**Data shown**:
____

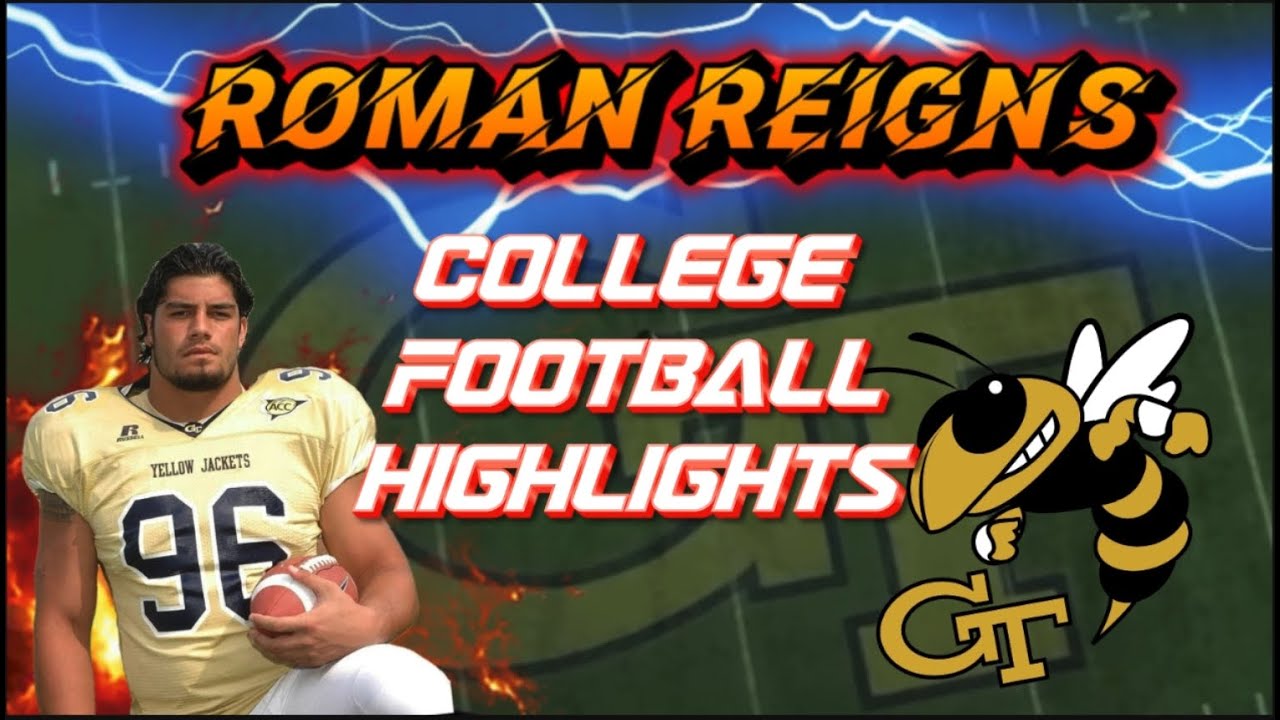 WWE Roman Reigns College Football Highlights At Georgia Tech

____

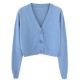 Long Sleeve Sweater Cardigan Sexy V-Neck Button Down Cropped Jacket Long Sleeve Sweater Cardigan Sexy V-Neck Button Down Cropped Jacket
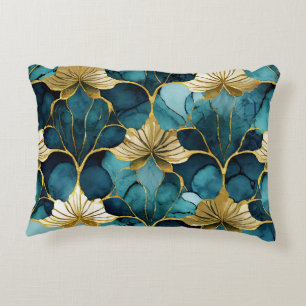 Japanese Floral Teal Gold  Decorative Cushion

____

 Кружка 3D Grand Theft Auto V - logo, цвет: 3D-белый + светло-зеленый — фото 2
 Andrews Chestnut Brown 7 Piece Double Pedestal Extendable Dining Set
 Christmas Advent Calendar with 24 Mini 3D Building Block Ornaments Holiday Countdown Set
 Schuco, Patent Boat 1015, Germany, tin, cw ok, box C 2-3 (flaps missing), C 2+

____

**Exercise brief**:
Both the line containing "Cropped Jacket Long" and the line containing "Japanese Floral Teal" above belong in the output, as do the lines between them. Print them exactly, without pictures.

**Worked solution**:
 Long Sleeve Sweater Cardigan Sexy V-Neck Button Down Cropped Jacket Long Sleeve Sweater Cardigan Sexy V-Neck Button Down Cropped Jacket
 Japanese Floral Teal Gold  Decorative Cushion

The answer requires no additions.